RADARBANDUNG.id, – Belum tiga bulan menjabat sebagai pimpinan KPK, Firli Bahuri Cs menghentikan 36 perkara dalam tahap penyelidikan. Penghentian perkara pada tahap penyelidikan itu disebut tidak cukup bukti untuk menaikkan ke tahap penyidikan.
Koordinator Public Interest Lawyer Network (Pilnet) Indonesia, Erwin Natosmal Oemar menilai, hal ini merupakan pukulan berat bagi pemberantasan korupsi di Indonesia. Menurutnya, KPK harus menjelaskan secara transparan apa alasan menghentikan 36 perkara dalam tahap penyelidikan.
“Sepanjang KPK tidak bisa menjelaskan secara transparan apa alasan tidak menindaklanjuti 36 kasus ini, hal ini merupakan pukulan berat bagi pemberantasan korupsi di Indonesia,” kata Erwin, Kamis (20/2/2020).
Alasan penghentian penyelidikan karena tumpukan perkara dipandang tidak tepat dan tidak dapat diterima akal sehat. Seharusnya, KPK bisa memaksimalkan fungsi kordinasi dan supervisi ke penegak hukum lain. Sehingga tidak serta-merta 36 perkara dihentikan pada tahap penyelidikan. Penghentian ini perlu dijelaskan secara transparan ke publik standar dan ukurannya.

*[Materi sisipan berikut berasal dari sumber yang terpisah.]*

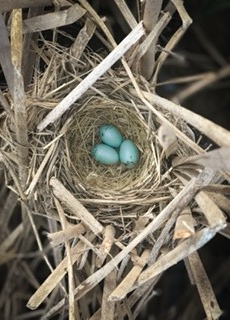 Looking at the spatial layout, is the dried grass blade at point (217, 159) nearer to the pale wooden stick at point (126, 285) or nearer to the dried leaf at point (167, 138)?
the dried leaf at point (167, 138)

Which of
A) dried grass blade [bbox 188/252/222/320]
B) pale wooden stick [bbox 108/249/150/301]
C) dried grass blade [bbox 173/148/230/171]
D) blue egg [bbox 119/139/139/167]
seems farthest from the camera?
blue egg [bbox 119/139/139/167]

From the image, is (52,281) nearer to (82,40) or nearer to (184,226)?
(184,226)

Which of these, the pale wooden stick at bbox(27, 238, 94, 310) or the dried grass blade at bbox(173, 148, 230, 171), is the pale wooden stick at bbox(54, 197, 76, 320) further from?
the dried grass blade at bbox(173, 148, 230, 171)

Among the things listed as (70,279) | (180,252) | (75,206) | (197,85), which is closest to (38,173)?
(75,206)

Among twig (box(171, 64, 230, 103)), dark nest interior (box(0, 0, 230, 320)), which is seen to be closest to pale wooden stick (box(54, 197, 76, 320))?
dark nest interior (box(0, 0, 230, 320))

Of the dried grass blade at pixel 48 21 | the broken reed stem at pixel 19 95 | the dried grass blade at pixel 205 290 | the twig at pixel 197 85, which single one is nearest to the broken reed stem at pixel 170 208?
the dried grass blade at pixel 205 290

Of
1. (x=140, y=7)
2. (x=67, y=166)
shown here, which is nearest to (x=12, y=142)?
(x=67, y=166) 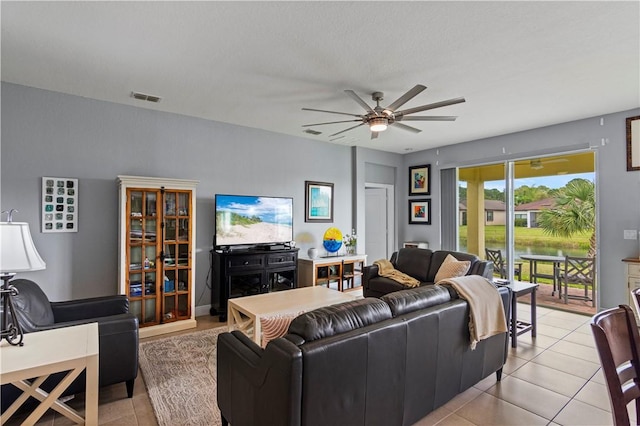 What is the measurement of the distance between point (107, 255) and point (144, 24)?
8.92 ft

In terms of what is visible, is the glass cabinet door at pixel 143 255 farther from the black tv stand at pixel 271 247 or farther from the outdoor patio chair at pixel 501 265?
the outdoor patio chair at pixel 501 265

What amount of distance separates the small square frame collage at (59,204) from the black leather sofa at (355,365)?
283cm

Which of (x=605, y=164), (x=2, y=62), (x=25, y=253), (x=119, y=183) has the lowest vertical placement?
(x=25, y=253)

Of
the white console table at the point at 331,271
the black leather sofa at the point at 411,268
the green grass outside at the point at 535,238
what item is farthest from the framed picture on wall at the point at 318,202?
the green grass outside at the point at 535,238

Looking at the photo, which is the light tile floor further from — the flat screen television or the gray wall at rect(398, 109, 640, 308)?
the flat screen television

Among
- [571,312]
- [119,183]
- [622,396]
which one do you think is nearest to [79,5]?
[119,183]

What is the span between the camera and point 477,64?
287cm

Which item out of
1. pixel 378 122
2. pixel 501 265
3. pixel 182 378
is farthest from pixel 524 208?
pixel 182 378

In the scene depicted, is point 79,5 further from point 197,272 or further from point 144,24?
point 197,272

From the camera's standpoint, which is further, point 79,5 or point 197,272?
point 197,272

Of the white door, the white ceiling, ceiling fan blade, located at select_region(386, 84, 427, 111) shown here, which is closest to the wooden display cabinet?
the white ceiling

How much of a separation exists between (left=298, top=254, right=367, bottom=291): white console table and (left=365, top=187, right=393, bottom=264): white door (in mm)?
1328

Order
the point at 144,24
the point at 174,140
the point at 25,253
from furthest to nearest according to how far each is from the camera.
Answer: the point at 174,140
the point at 144,24
the point at 25,253

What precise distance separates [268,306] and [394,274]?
6.97ft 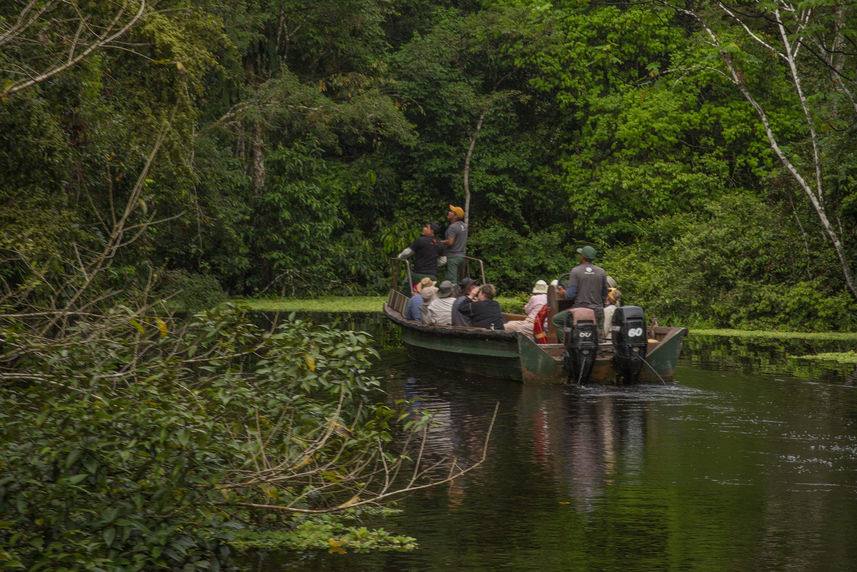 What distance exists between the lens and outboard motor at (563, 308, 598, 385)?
15.3m

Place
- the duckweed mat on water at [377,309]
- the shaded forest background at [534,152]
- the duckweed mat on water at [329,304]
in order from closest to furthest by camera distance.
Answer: the duckweed mat on water at [377,309] < the shaded forest background at [534,152] < the duckweed mat on water at [329,304]

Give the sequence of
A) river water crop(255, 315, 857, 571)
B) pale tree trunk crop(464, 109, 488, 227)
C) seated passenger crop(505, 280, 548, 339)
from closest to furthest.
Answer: river water crop(255, 315, 857, 571) → seated passenger crop(505, 280, 548, 339) → pale tree trunk crop(464, 109, 488, 227)

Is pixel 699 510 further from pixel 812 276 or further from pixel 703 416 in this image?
pixel 812 276

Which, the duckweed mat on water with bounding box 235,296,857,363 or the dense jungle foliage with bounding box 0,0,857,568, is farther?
the duckweed mat on water with bounding box 235,296,857,363

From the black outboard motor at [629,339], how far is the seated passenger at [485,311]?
1.99 metres

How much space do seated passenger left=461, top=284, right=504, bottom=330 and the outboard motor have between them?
157 cm

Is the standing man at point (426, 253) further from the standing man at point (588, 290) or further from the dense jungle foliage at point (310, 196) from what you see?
the standing man at point (588, 290)

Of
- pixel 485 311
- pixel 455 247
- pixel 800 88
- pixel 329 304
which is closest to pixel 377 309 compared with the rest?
pixel 329 304

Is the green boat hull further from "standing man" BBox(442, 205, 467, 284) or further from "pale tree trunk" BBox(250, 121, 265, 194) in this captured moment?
"pale tree trunk" BBox(250, 121, 265, 194)

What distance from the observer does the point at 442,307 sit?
18.1m

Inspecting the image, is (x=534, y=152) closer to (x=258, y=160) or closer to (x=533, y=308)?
(x=258, y=160)

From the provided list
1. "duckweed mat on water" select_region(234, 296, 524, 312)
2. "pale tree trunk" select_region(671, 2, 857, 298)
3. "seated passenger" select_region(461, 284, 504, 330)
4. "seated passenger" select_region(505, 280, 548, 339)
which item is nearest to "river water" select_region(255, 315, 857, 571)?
"seated passenger" select_region(461, 284, 504, 330)

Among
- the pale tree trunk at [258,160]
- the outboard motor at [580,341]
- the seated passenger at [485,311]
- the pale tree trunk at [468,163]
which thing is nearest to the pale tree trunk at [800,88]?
the seated passenger at [485,311]

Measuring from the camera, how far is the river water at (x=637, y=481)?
284 inches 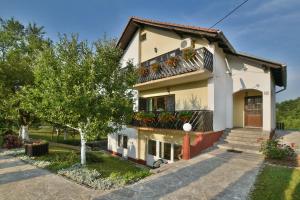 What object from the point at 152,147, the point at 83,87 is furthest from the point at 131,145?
the point at 83,87

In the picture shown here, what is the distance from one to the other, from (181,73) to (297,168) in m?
7.56

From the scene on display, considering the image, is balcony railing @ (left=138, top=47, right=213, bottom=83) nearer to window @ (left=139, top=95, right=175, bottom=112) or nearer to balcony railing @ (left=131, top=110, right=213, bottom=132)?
window @ (left=139, top=95, right=175, bottom=112)

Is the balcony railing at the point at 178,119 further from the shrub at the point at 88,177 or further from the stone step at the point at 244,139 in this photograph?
the shrub at the point at 88,177

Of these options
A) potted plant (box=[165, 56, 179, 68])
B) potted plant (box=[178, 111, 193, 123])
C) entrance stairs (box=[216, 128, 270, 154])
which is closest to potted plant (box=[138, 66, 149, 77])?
potted plant (box=[165, 56, 179, 68])

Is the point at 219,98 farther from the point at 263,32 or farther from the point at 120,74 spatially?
the point at 120,74

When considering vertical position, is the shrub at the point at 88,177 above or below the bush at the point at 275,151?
below

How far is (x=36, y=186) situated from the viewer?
8055 millimetres

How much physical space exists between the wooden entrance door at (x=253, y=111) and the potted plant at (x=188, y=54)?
5586mm

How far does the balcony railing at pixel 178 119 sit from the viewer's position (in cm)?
1270

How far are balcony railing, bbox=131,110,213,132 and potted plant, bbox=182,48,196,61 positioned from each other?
319cm

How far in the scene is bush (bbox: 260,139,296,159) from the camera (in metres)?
10.1

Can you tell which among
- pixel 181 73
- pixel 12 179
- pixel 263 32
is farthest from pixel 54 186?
pixel 263 32

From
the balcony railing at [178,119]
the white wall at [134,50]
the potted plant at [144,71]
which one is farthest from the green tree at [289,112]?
the potted plant at [144,71]

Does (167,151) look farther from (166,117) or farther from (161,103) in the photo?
(161,103) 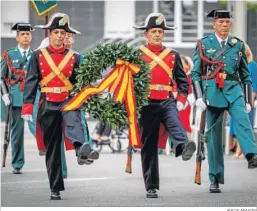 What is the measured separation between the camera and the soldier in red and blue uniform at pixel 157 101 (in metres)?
14.9

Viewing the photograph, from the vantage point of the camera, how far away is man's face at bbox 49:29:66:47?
1480cm

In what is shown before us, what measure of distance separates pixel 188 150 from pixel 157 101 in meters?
0.75

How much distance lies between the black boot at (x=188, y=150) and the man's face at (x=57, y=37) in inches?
70.8

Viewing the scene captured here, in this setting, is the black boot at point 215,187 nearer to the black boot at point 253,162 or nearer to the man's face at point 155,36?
the black boot at point 253,162

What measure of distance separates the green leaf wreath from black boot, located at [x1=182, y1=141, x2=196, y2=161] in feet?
2.08

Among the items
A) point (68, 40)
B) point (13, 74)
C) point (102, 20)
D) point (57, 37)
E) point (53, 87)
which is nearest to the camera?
point (53, 87)

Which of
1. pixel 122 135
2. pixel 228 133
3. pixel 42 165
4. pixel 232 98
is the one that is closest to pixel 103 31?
pixel 122 135

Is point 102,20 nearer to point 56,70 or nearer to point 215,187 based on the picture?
point 215,187

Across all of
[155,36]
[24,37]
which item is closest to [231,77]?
[155,36]

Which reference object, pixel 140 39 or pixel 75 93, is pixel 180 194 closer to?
pixel 75 93

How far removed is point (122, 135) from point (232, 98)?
10517 mm

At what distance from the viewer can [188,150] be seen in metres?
14.6

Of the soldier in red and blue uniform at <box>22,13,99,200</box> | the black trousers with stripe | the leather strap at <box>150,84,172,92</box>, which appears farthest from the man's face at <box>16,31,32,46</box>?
the leather strap at <box>150,84,172,92</box>

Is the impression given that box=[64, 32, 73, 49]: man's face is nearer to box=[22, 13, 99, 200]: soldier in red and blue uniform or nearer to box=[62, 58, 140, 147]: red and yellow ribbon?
box=[22, 13, 99, 200]: soldier in red and blue uniform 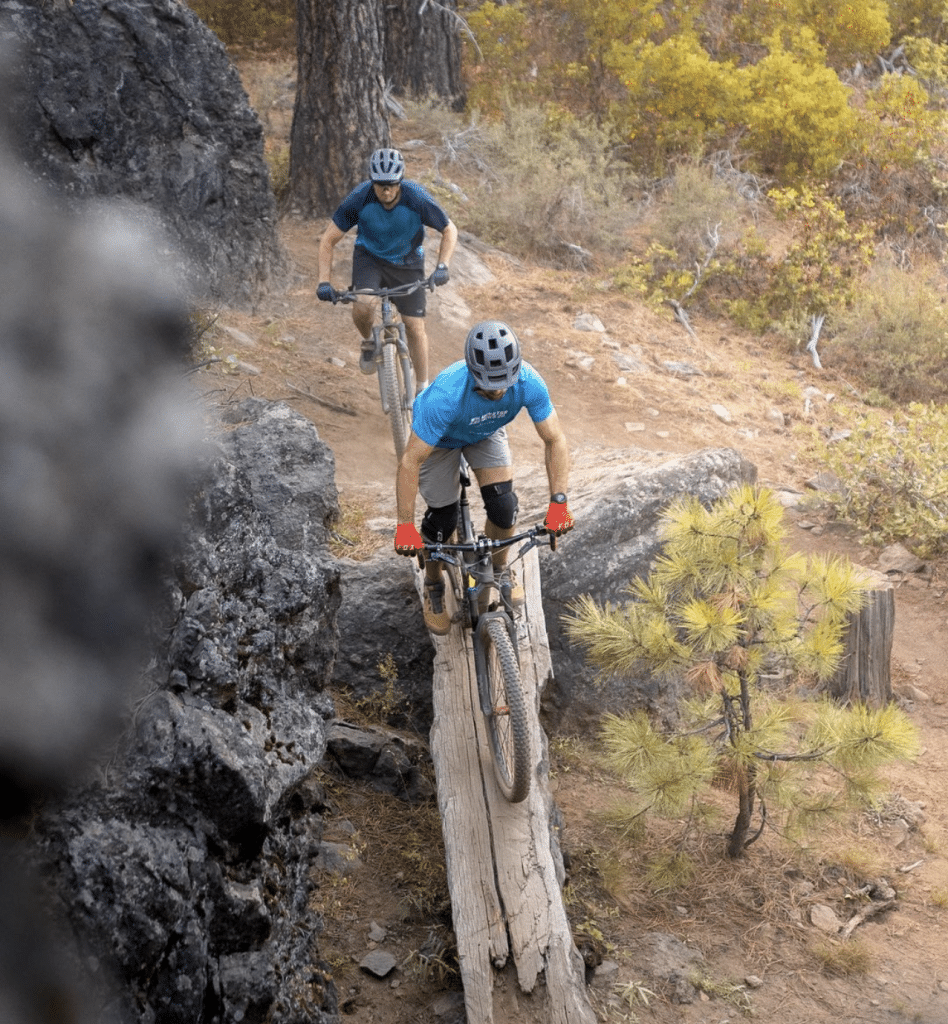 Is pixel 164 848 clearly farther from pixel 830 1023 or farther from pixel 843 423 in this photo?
pixel 843 423

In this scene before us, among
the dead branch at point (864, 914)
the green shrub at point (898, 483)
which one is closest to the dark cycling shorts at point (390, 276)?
the green shrub at point (898, 483)

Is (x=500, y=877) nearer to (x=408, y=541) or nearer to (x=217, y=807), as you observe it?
(x=408, y=541)

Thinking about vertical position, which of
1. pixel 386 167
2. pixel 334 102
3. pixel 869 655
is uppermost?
pixel 386 167

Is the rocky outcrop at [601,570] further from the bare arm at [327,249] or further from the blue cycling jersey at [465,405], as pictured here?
the bare arm at [327,249]

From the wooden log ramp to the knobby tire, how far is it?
233cm

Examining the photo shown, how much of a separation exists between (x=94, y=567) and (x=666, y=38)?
15564 millimetres

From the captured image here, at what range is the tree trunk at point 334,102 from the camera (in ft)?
37.2

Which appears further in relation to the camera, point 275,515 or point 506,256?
point 506,256

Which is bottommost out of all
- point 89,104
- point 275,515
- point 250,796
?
point 275,515

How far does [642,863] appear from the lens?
5.49m

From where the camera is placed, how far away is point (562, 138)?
1406 centimetres

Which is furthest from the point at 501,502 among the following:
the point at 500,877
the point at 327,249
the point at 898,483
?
the point at 898,483

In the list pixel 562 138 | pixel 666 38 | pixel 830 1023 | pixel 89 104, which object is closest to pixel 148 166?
pixel 89 104

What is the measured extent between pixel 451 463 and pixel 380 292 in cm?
235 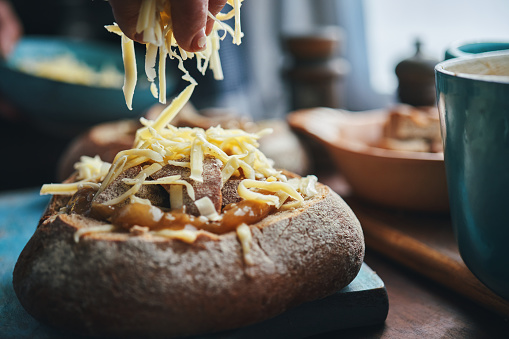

Sementara itu, pakar hukum pidana Abdul Fickar Hadjar menilai, seharusnya lembaga antirasuah dapat lebih selektif jika menghentikan perkara dalam tahap penyelidikan. Hal ini pun berdampak buruk pada kinerja KPK dibawah komando Firli Bahuri.
“Preseden ini akan memunculkan spekulasi bagi kasus kasus yang tersangkanya buron, juga akan di SP3 kan. Ini yang harus dihindarkan,” harapnya.
Oleh karena itu, Fickar menyebut pelemahan terhadap KPK bukan hanya terjadi pada sebatas revisi UU KPK. Tapi juga terjadi pada pimpinan KPK saat ini. “Makanya saya bilang pelemahan KPK itu sudah dimulai sejak pemilihan pansel dan rekrutmen komisionernya,” pungkasnya.
Sebelumnya, pelaksana tugas (Plt) juru bicara KPK Ali Fikri menyampaikan, sejak 2008 sampai dengan 2019 KPK memiliki tunggakan kasus sebanyak 366 kasus pada tahap penyelidikan. Penghentian 36 kasus dalam tahap penyelidikan itu, dilakukan setelah Firli Cs menerbitkan surat perintah penghentian penyelidikan (SPPP).
Ali beralasan, penerbitan SPPP itu diterbitkan pimpinan KPK karena tidak ditemukan bukti permulaan yang cukup untuk dilanjutkan pada tahap penyidikan. Sehingga KPK memutuskan untuk menghentikan 36 kasus tersebut.
“Adapun alasan penghentian penyelidikan antara lain, tidak ditemukan bukti permulaan yang cukup dan perkaranya sudah ditangani oleh aparat penegakan hukum lain,” pungkasnya.